* **WHAT THE EXERCISE ASKS**
In your copy, repeat the records exactly and leave out the pictures.

* **DATA FOR REVIEW**
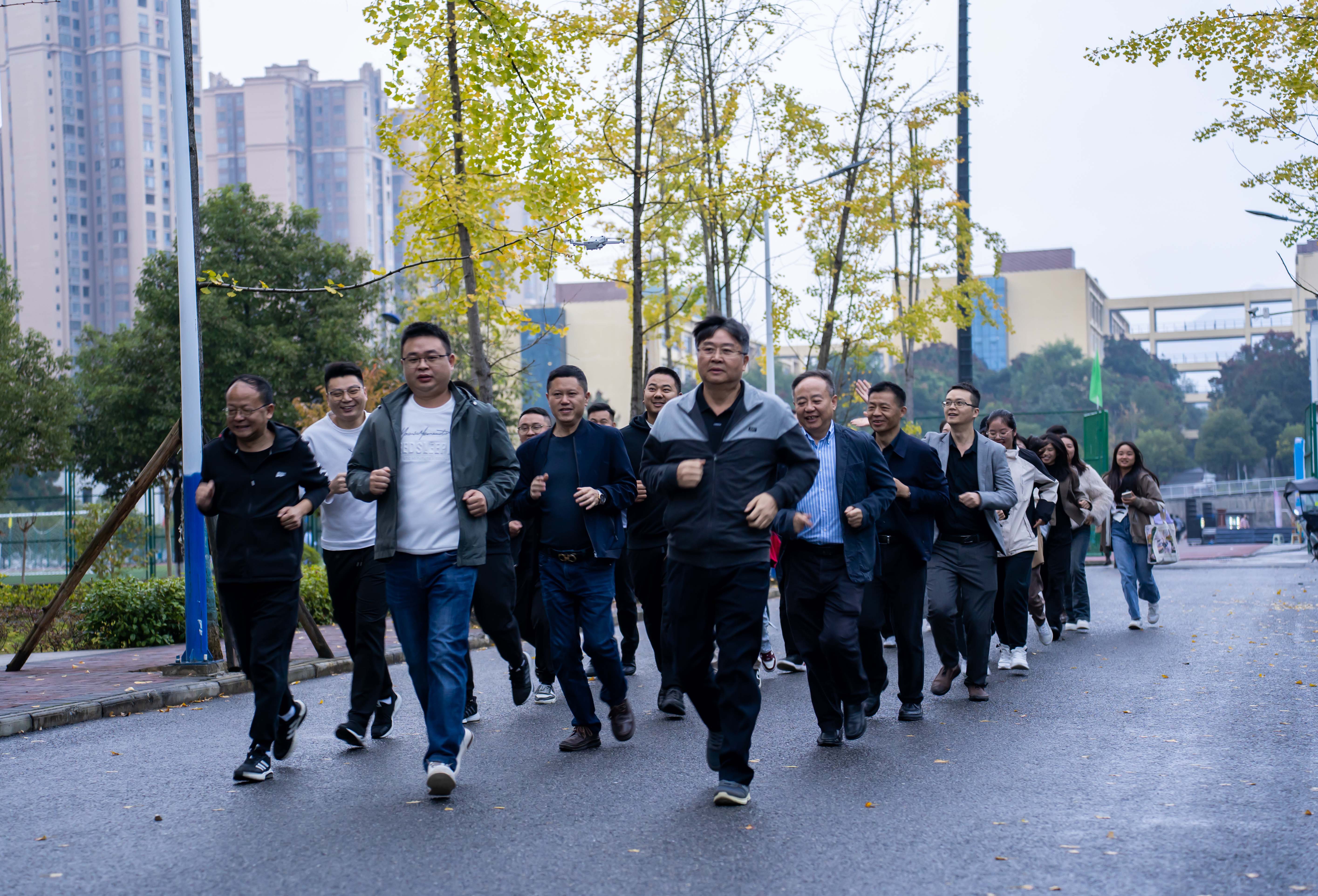 人人享受体育 健康拥抱未来|beat365官网举行阳光体育运动启动仪式(图5)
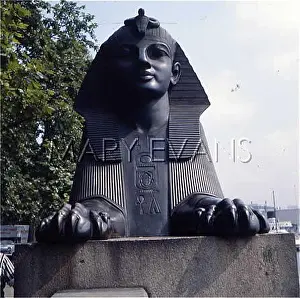 Sphynx: OBELISK SPHYNX
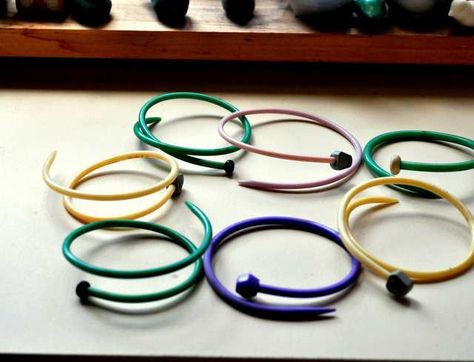 Diy Knitting Needles, Wire Jig, Cutlery Art, Knitting Notions, Needle Crafts, Fun Bracelet, Craft Jewelry, Knitting Needle, Funky Jewelry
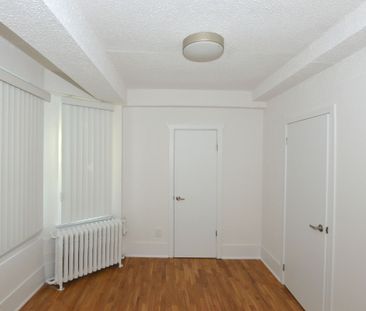 160 Huron Street - Photo 2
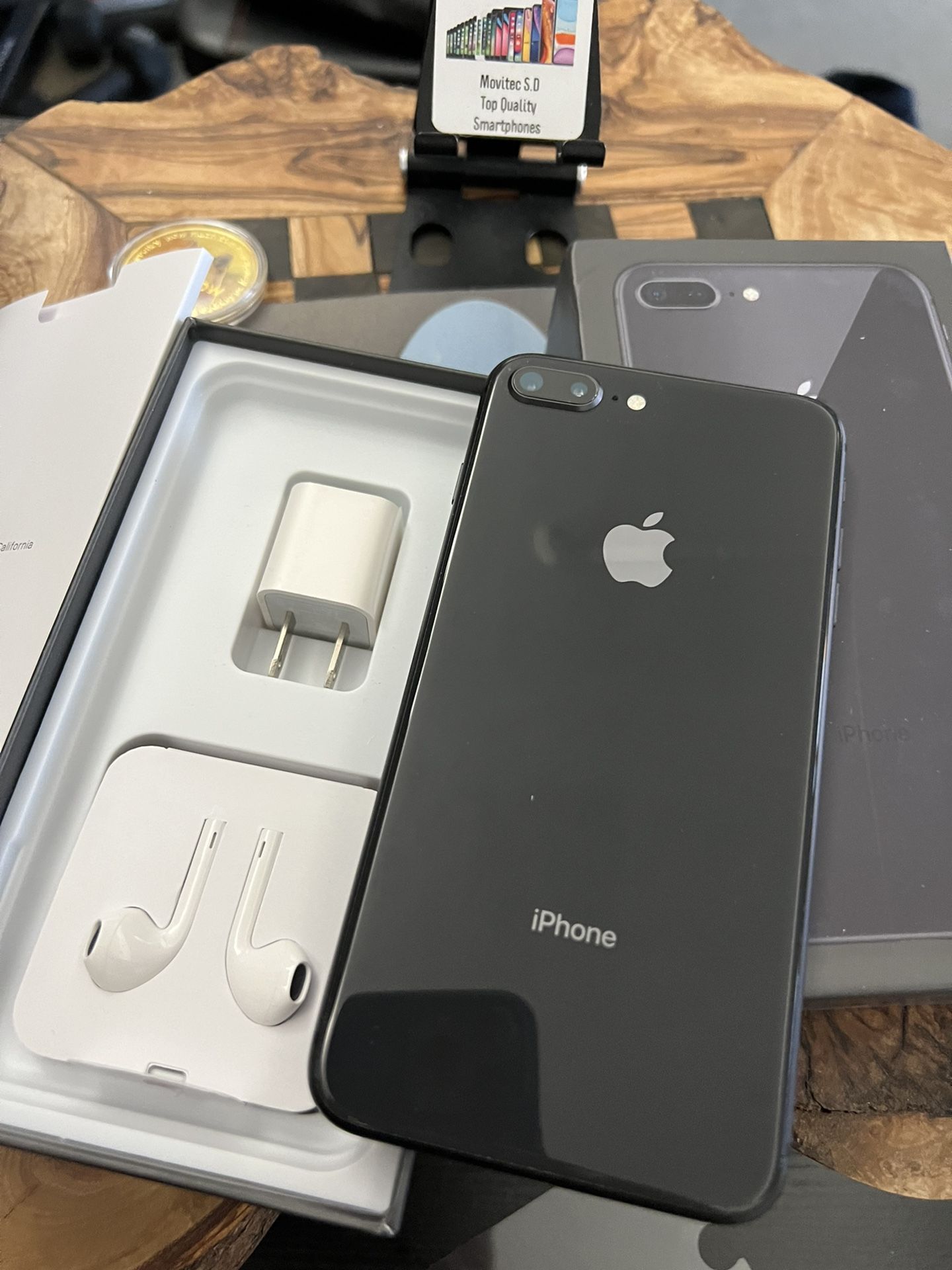 Apple Iphone 8 Plus 64GB Space Gray Unlocked For Any Carrier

* **OUTPUT FOR THIS TASK**
 人人享受体育 健康拥抱未来|beat365官网举行阳光体育运动启动仪式(图5)
 Sphynx: OBELISK SPHYNX
 Diy Knitting Needles, Wire Jig, Cutlery Art, Knitting Notions, Needle Crafts, Fun Bracelet, Craft Jewelry, Knitting Needle, Funky Jewelry
 160 Huron Street - Photo 2
 Apple Iphone 8 Plus 64GB Space Gray Unlocked For Any Carrier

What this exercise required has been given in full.